ArtSeen
Julian Pretto Gallery
On View
Minus SpaceSeptember 6 – October 26, 2013
New York
On May 24, 1995, a short obituary appeared in the New York Times for an art dealer named Julian Pretto. He had died two days earlier, at the age of 50, from AIDS-related complications. The Times gave a brief biography, listed some of the artists Pretto had exhibited, and noted that he left a number of works from his personal collection to the Wadsworth Atheneum in Hartford, Connecticut. The obituary closed with a list of his surviving family members. Thirteen days later, the Chicago Tribune reprinted an edited version of the same article, but cut the final section. The Times piece was 237 words; the Tribune’s was only 151.
Who was Julian Pretto? That neither newspaper had much editorial space for the dealer was probably just one decision made among many in a busy newsroom, but it may also have been by Pretto’s own design. He considered himself a facilitator for art, instead of its main story, and accordingly erased himself from the longer narrative. The nomadic gallerist kept few possessions and lived practically out of a suitcase for periods of his life. The Times noted that he “sometimes saved money by living in his galleries.” Long stretches of his professional and personal life remain obscure, including several years spent in Costa Rica organizing shows and promoting local artists.
While Pretto worked in the background, the artists he exhibited in New York read like a who’s who of post-war art: Carl Andre, Robert Barry, Nancy Haynes, Sol LeWitt, Li Trincere, Stephen Westfall. Pretto gave both Allan McCollum and John Zinsser their first New York solo shows. From the mid 1970s until his death, Pretto showed more than 100 artists, occasionally running several galleries at the same time. He had spaces in the West Village (MacDougal Street), SoHo (one on Sullivan Street and another on Greene), and even in Midtown (57th Street). For a time, he had a gallery on 6th Avenue. Toward the end of his life, he was hosting openings on a weekly basis.
Other details about Pretto’s life are patchier. We know that he was born in Chicago in 1945 and was raised 99 miles west in the town of Oglesby, Illinois. After studying at the University of Illinois, he moved back to Chicago in 1968, where he briefly worked as an assistant at the Richard Gray Gallery. Later that same year, he left for New York and found a job with Richard Feigen, but Pretto’s ambitions seem to have outstripped any ties to a single job.
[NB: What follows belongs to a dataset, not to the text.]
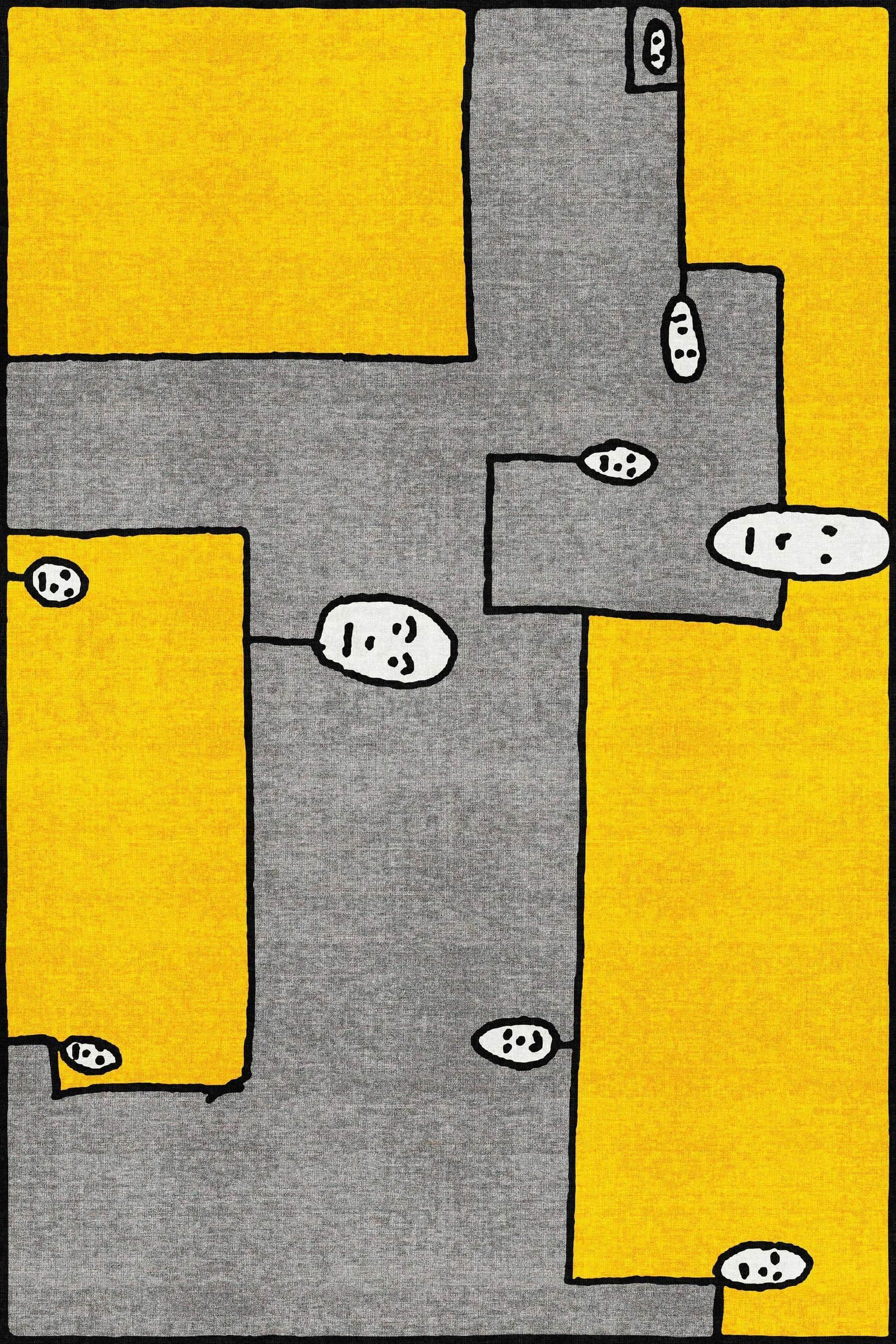 Covor Dog Yellow Rectangular - Qeeboo - PARIS14A.RO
By the early 1970s, he was putting together his own exhibitions in empty spaces in Tribeca, and in 1976 he organized what later became known as the Fine Arts Building at 105 Hudson Street, which would soon house the New Museum of Contemporary Art, Printed Matter Inc., and Artists Space.
But biographies are more complicated than just what’s written down, and Julian Pretto Gallery at MINUS SPACE, organized by Matthew Deleget and Zinsser with Rossana Martinez and Megan Govin, is an attempt to tell Pretto’s story through the art he showed. On view are 45 of the dealer’s artists, often represented by works that were actually shown in the Pretto galleries. Beautiful pieces by Antonella Piemontese (“Path on an Open Page (43)” [1991], a collaged page from a book with selectively revealed text), Olivier Mosset (“Choke” [1972], an ostensibly monochromatic work full of life and movement), Kathy Drasher (“Untitled” [1990], a small, eight-sided pink picture), and René Pierre Allain (“1st Patch” [1986-88], a steel-framed painting of a cruciform) speak to Pretto’s catholic interests. The pieces are all in dialogue without raising the same issues.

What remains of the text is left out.